At the same time, the investment community, in its current paradigm, argues that the strength of the consumer sector, or demand side, is essential to driving economic growth expectations. Yet few groups within the investment and business community emphasize the importance of demand side fiscal policies. The argument is that by catering to the stimulus of the supply side through various tax and regulatory incentives, business growth fosters sufficient wealth to bolster the demand side by hiring workers and by making improvements in market efficiencies through deregulation. This general approach is commonly known as the “trickle down” effect.
Historically, the truth is that whenever the classical supply side approach is taken in fiscal policy, it results in exaggeration of boom-bust business cycles, and consistently puts further stress on the viability of the middle and lower income sectors.
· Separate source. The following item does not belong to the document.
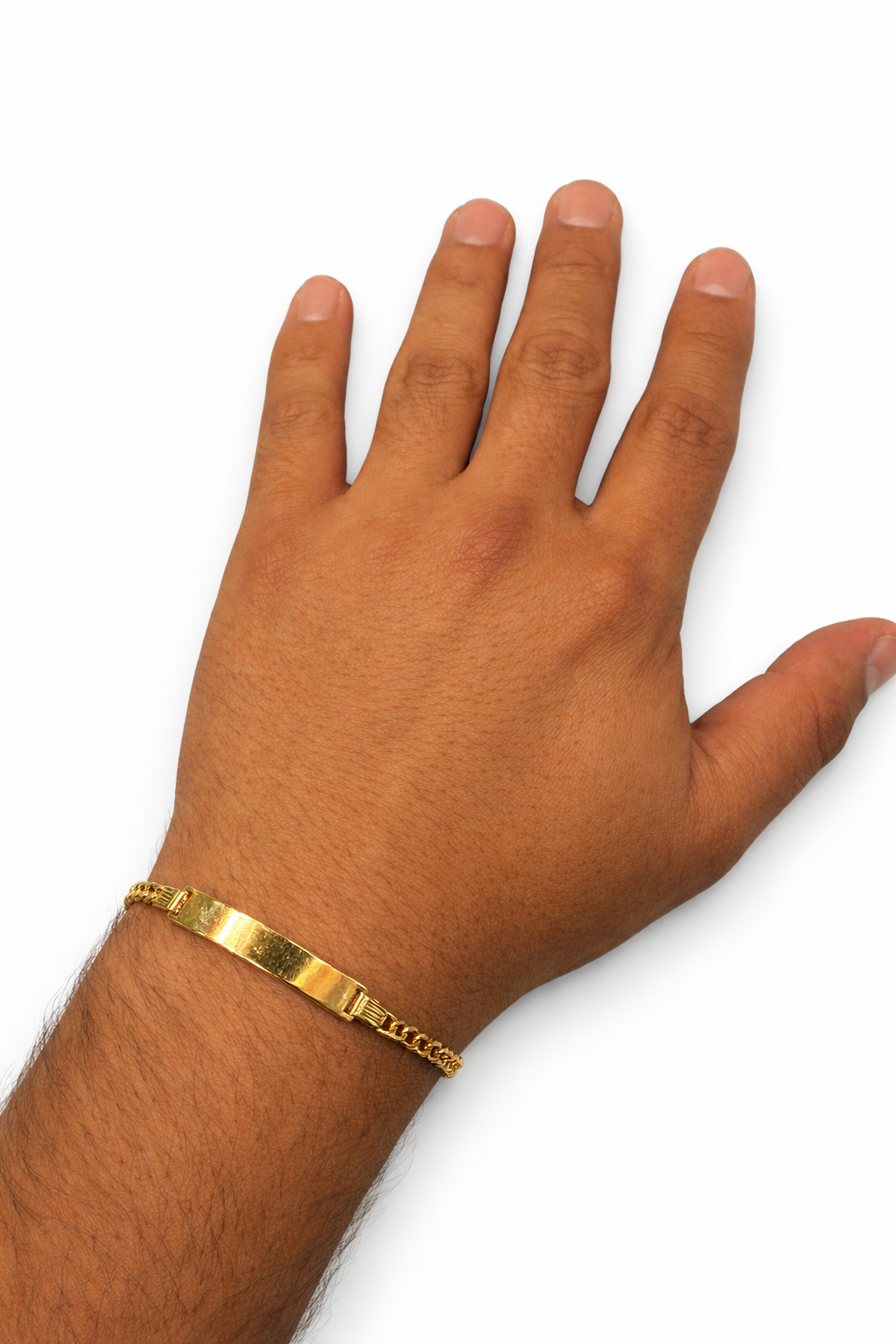 Esclava barbada clásica de oro 10K de Joyería ROMA, con diseño elegante y acabado brillante.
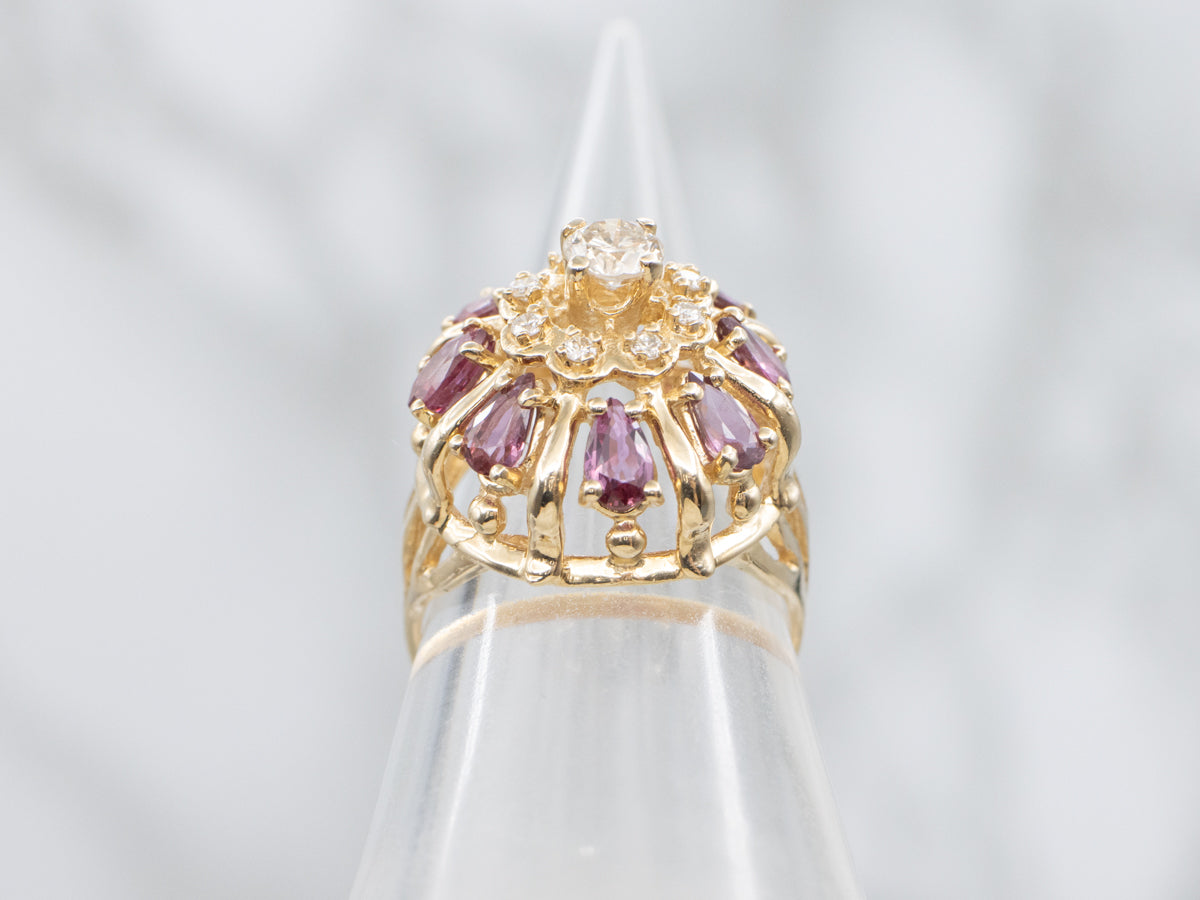 Diamond and Ruby Floral Halo Cocktail Ring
This is borne out by the experience of recessions during the Reagan and Bush Sr. administrations, including the double dip recession of the early 1990s, and the more recent and nearly catastrophic results of the Bush Jr. administration. These recessions are caused, in large measure, by unbalanced tax policies and a regulatory structure that fails to ensure sound corporate investment and spending behaviours.
Another argument from supply-side economists is founded on the somewhat blinkered belief that tax incentives for corporations result in higher corporate investment and spending, thus increasing the tax base and ultimately tax revenues. The unfortunate effect, however, is that these very tax incentives result in higher government deficits and debts that cause higher inflation. Given these new parameters, monetary policy usually emphasizes inflation rate management through higher interest rates. This effect is well established in the history of economic behaviours in response to these policies. In other words, the increased “effective tax rate” resulting from high inflation and high interest rates on both business and the consumer caused by the tax cuts becomes greater in magnitude than the gross tax rate cut, and results in an economic squeeze on the consumer sector of the economy.
Perhaps by moderation of the tendency of neo-conservative governments to deregulate the business sector and by adoption of regulatory policies to ensure responsible investment and spending by business leaders, some of the more extreme downturns in market economies may be better mitigated and managed. A progressive and productive economic policy envisions corporate tax reductions tied to corporate hiring policies and, possibly, re-investment practices. In addition, any tax reductions should first take into consideration reductions to the middle and lower income sectors with the objective of a fair and balanced distribution of the overall taxation burden.
The time has arrived when government, business, and labour leaders need to refocus and rebalance demand side versus supply side sectors of the economy.